Last on the Lighthouse stage in 2008, Adrian Marchuk stirs the pot in On The Air.
Adrian Marchuk has spent a few years away from the Lighthouse stage… maybe a few too many! He last appeared as Cale Blackwell in 2008’s FIRE. Since that time, he’s been in Jersey Boys in Toronto & Las Vegas, The Light in the Piazza, & Marry Me A Little, to name a few. We wanted to know more, so we asked him if it’s easier to play his character or be himself on stage, what’s his favourite stage show, and who in the cast is going to blow people away.
Lighthouse (L): Who in the show is most like their character? Who’s the least?
Adrian Marchuk (AM): A younger version of me is a lot like this character. Matt is overconfident, not very self-aware, and his life/work balance is all out of whack. He’s got to learn to hold a different definition of ‘success’ if he wants to be happy and stop messing things up. I was a lot like that in my twenties and early thirties.
David Rosser is the least like his character.

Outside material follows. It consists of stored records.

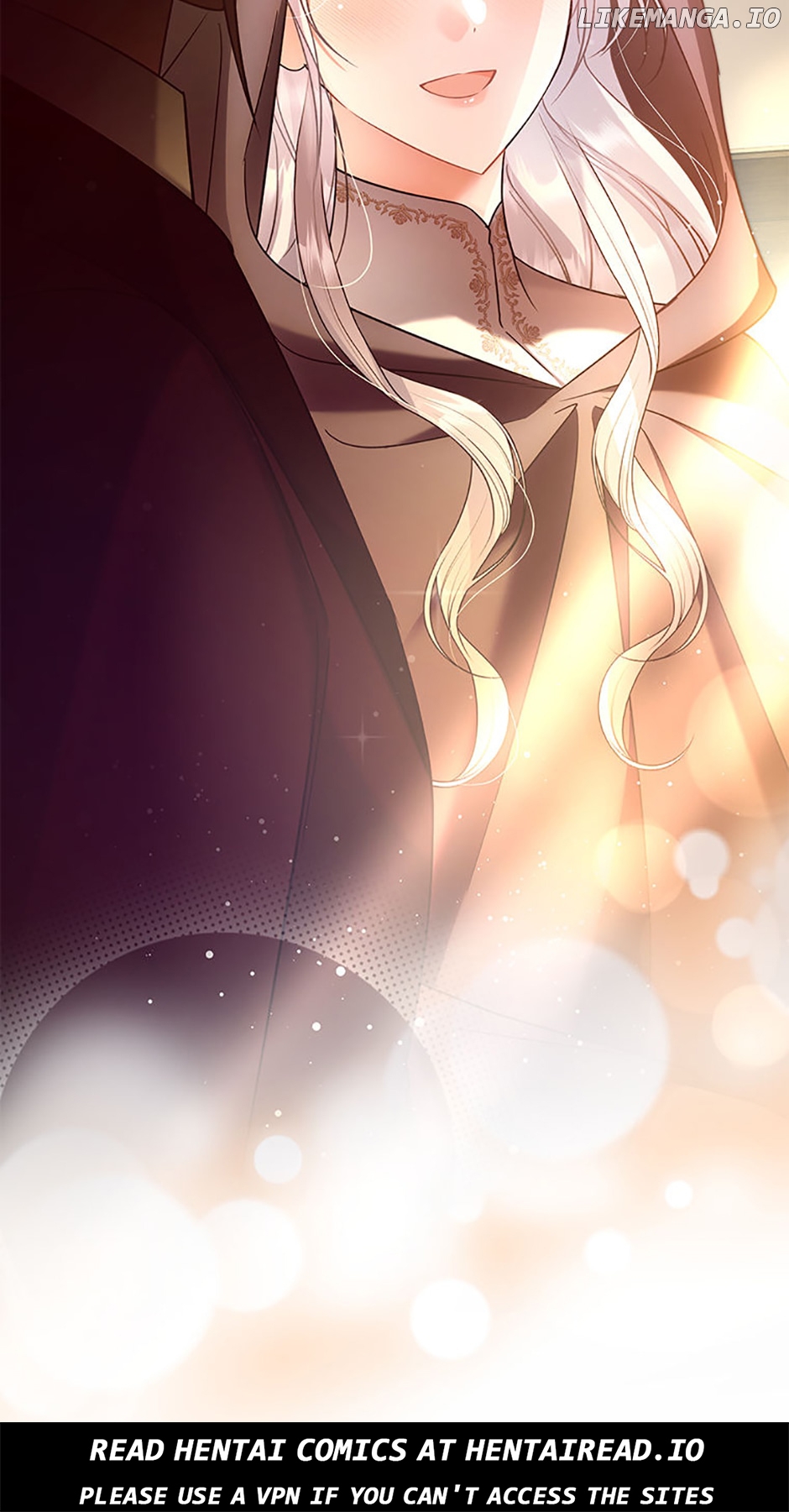 This Time, I Will Survive Until the End Chapter 14 - page 99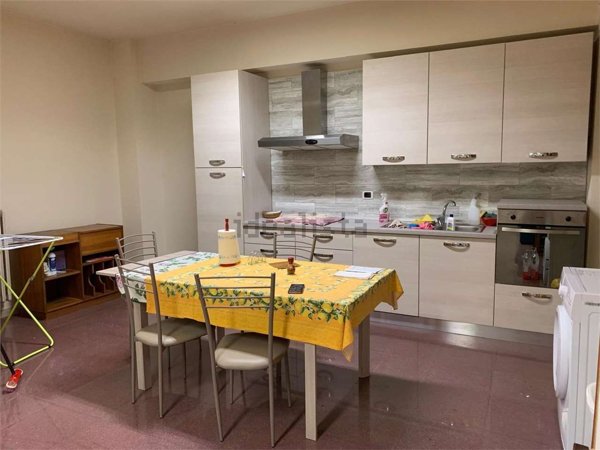 appartamento in vendita a Montecatini-Terme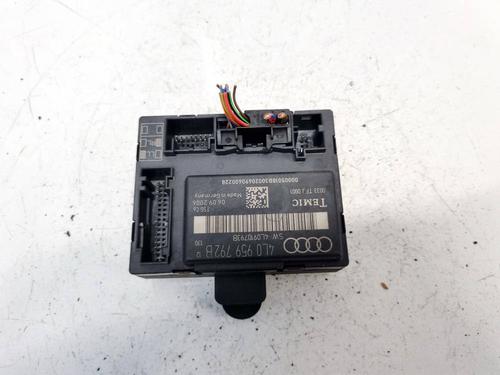 Used Electronic module Electronic module 35029411 35029411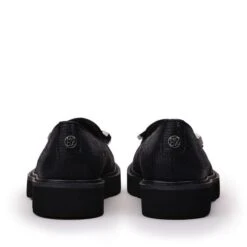 Emmey Black Lizard -Step Up Shoes emmey black lizard p13667 90411 medium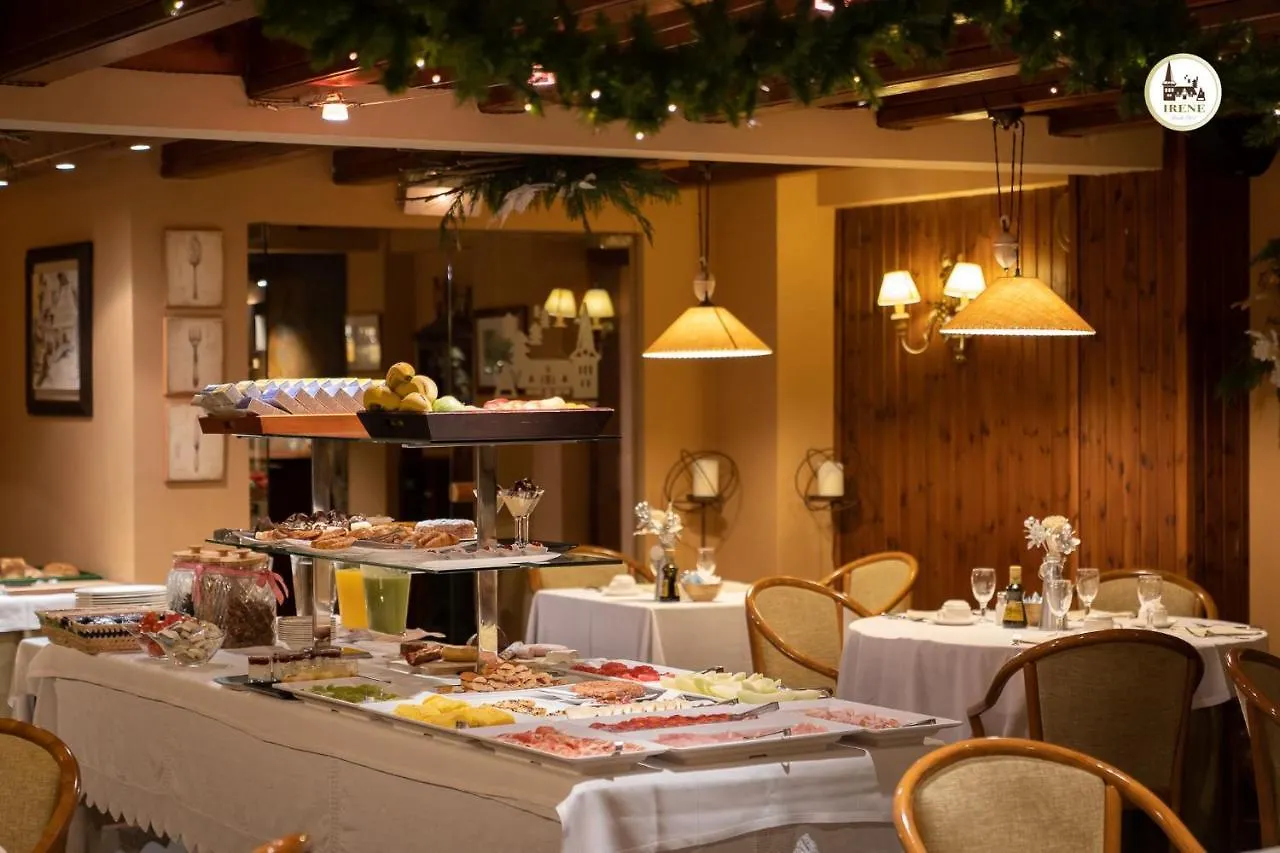 Hotel & Spa Casa Irene Arties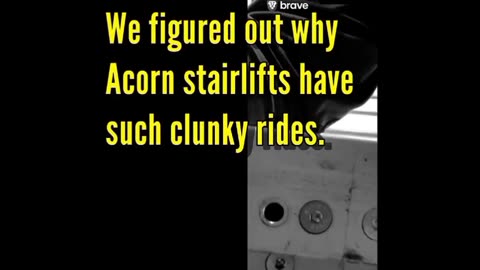 Vancouver’s Stairlift Whisperer to the Rescue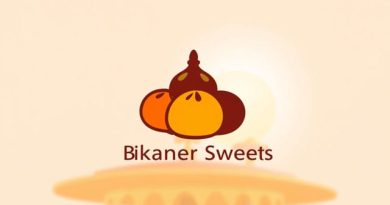 Bikaner Sweets Sunnyvale Menu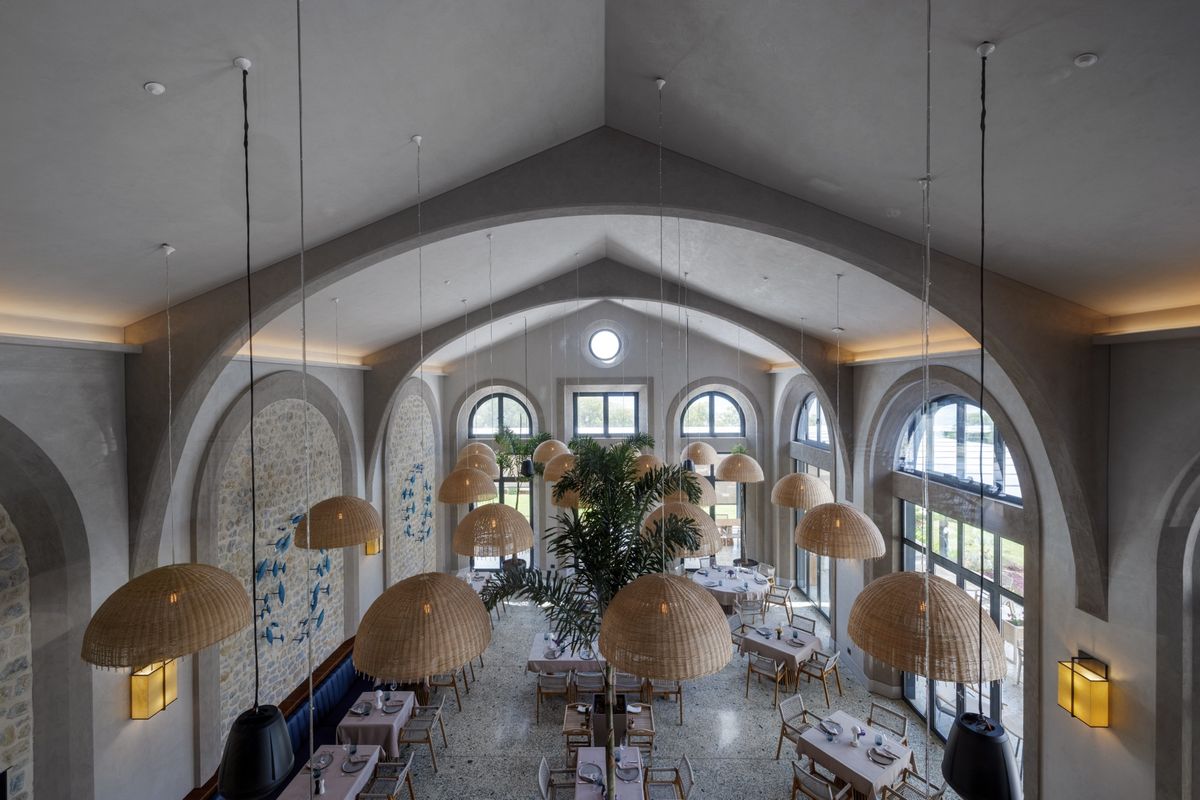 Palaia Hotel Datça, Hospitality, Furkan Uyan fotoğrafı (3)
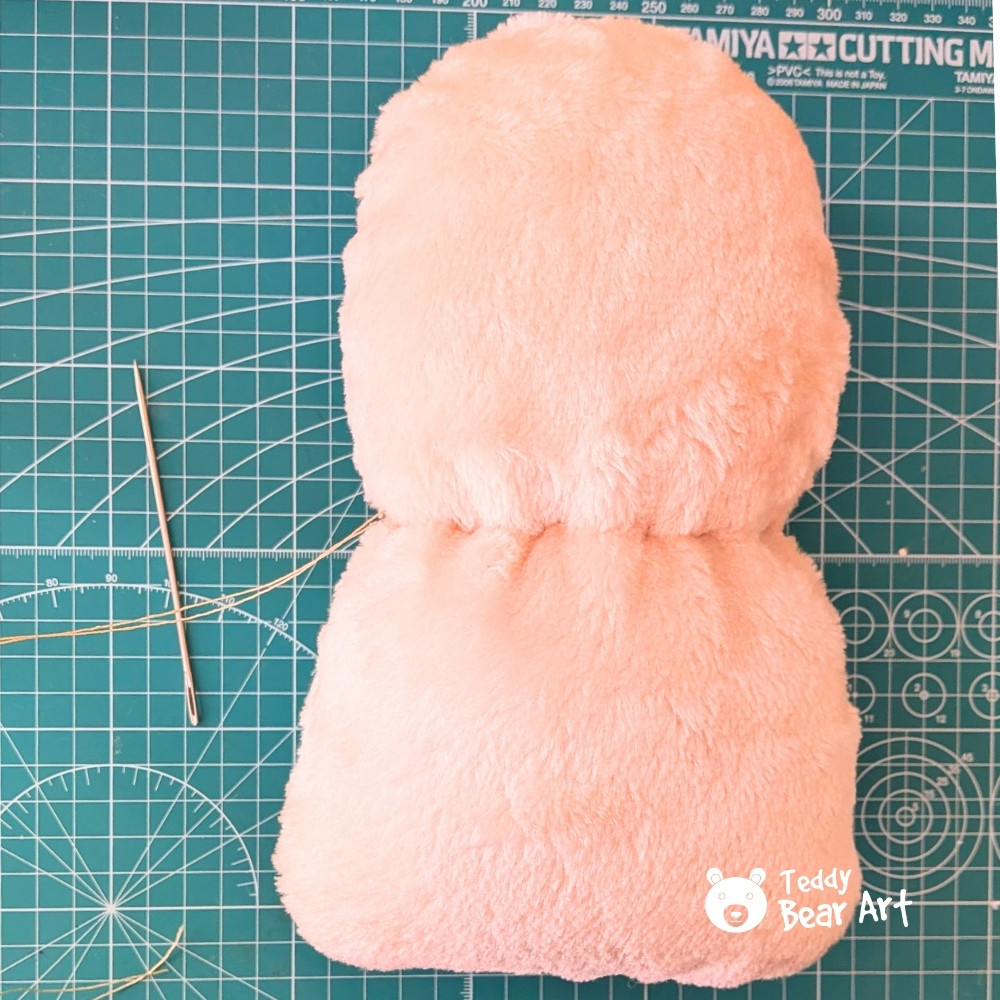 Snowman Sewing Pattern: Easy Winter Crafts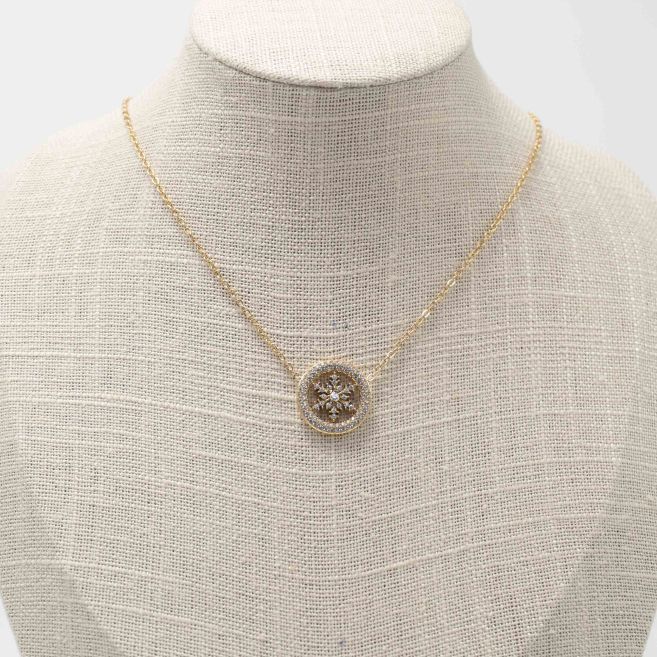 COLLAR 025312N Acero Inoxidable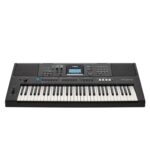 Yamaha PSR-E473 Portable 61-Key Touch-Sensitive Keyboard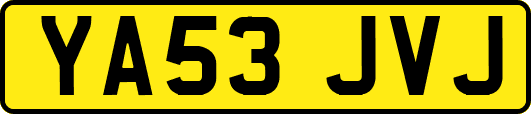 YA53JVJ
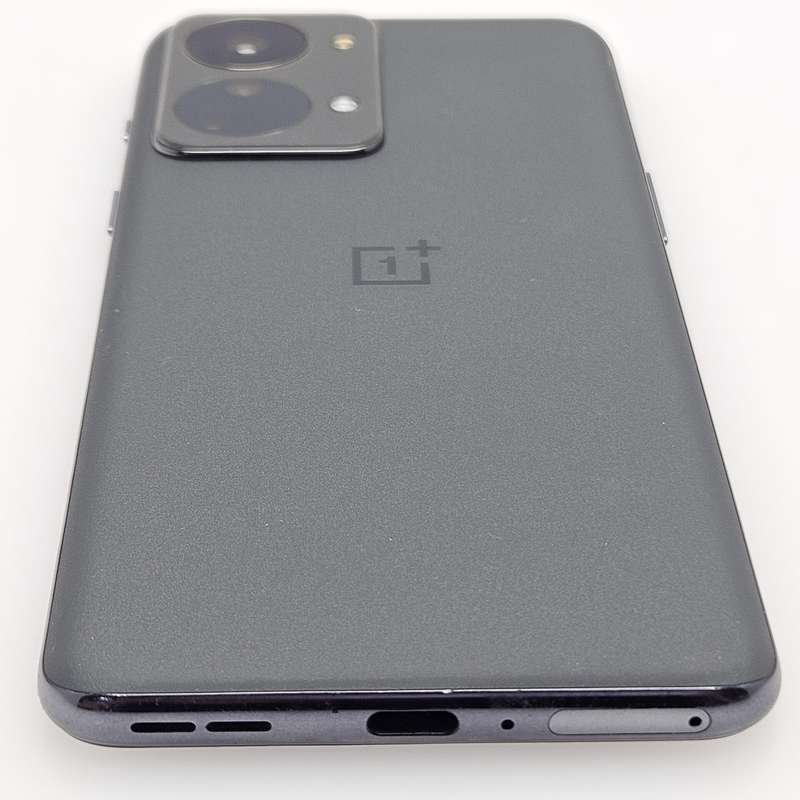 One Plus Nord 2T 128GB Dual Sim Grey Shadow (3 Month Warranty)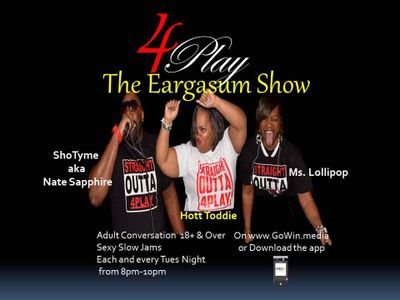 4PlayEargasum's profile picture. 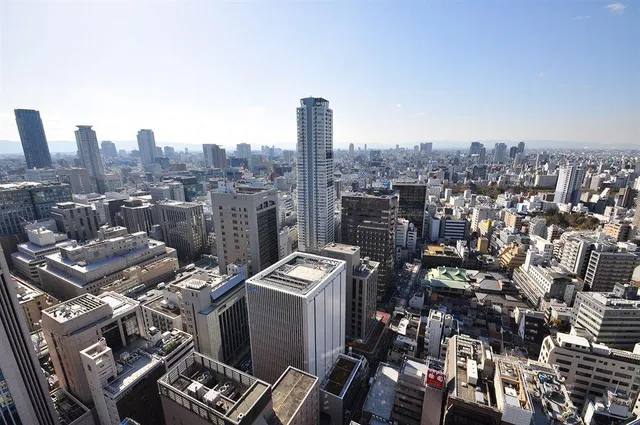 APA Hotel Osaka Higobashi Ekimae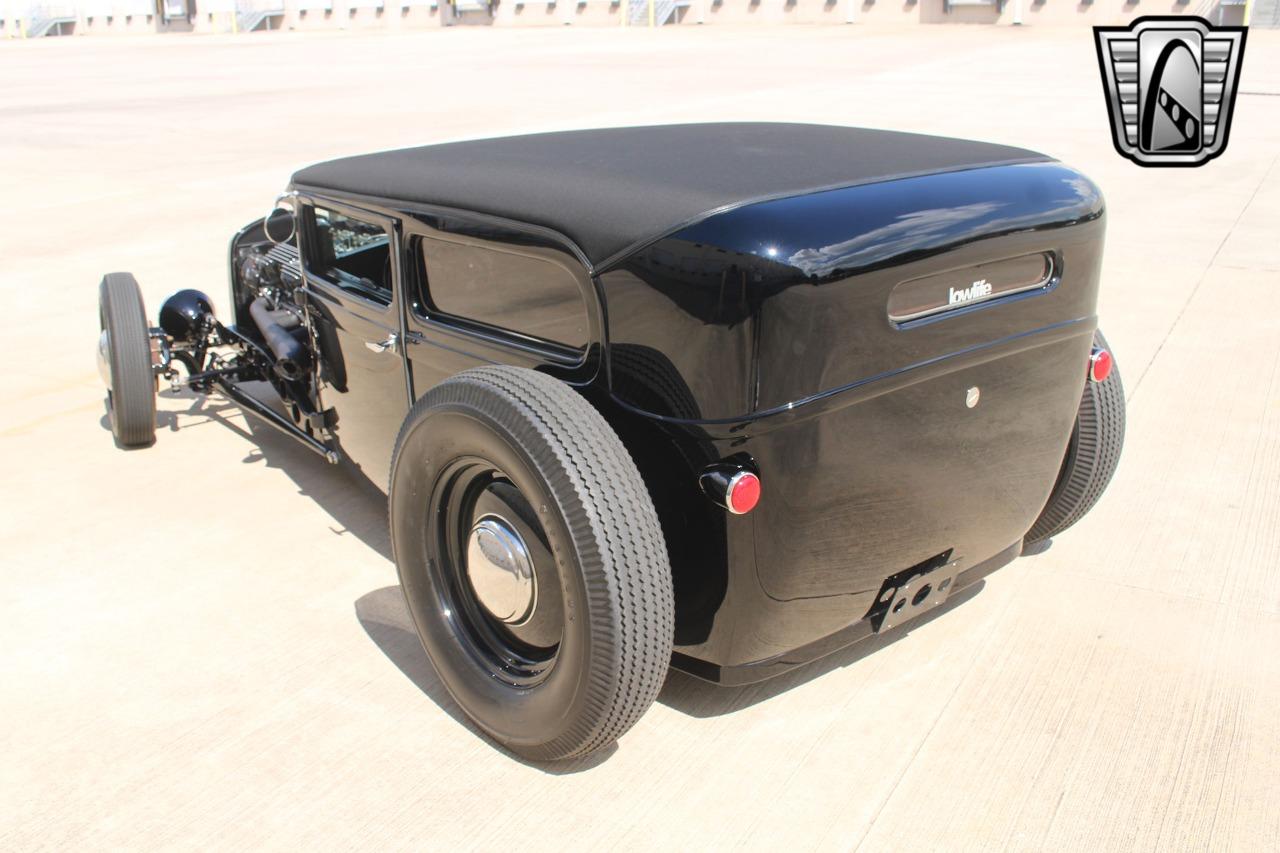 1929 Ford Model A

Uncle Art is harsh and abrasive and condescending whereas David is warm and kind and generous.
L: Is it easier to play this character or to be yourself on stage?
AM: Well, every character needs to be, in some sense, ‘yourself’ on stage, because you bring your own experiences and your own imagination to playing any part. Some characters are certainly easier to inhabit than others, an easier ‘fit’, in that their choices are more similar to your own, but in every case you’re trying to be as honest and truthful as you can, within the confines of what the writer has set out for you.
L: Besides this one, what’s your favourite stage show?
AM : Ha! That’s a big question. Let me pick across a few genres. Favourite musical: The Light In The Piazza. Favourite drama: August: Osage County. Favourite comedy: Lend Me A Tenor. Favourite Shakespeare: Twelfth Night
L: What will the audience be thinking about in the car as they drive home after this show?
AM: They’ll be thinking about how living and thriving in a small-town community is all about embracing and elevating the culture that is already there. My character’s big mistake is that he comes to town and tries to change everything and make it more ‘big city’. He learns to appreciate why his Dad loved this town, and why it might just be exactly where he belongs. So I think the audience will come away loving the quirks and idiosyncrasies of Port Dover.
L: Besides yourself, which actor in this production is going to blow people away?
AM: Oh, don’t make me choose! Everyone is terrific. If I had to be backed into a corner, Stephen Sparks as aging rocker Buck Mitchell is pretty fantastic.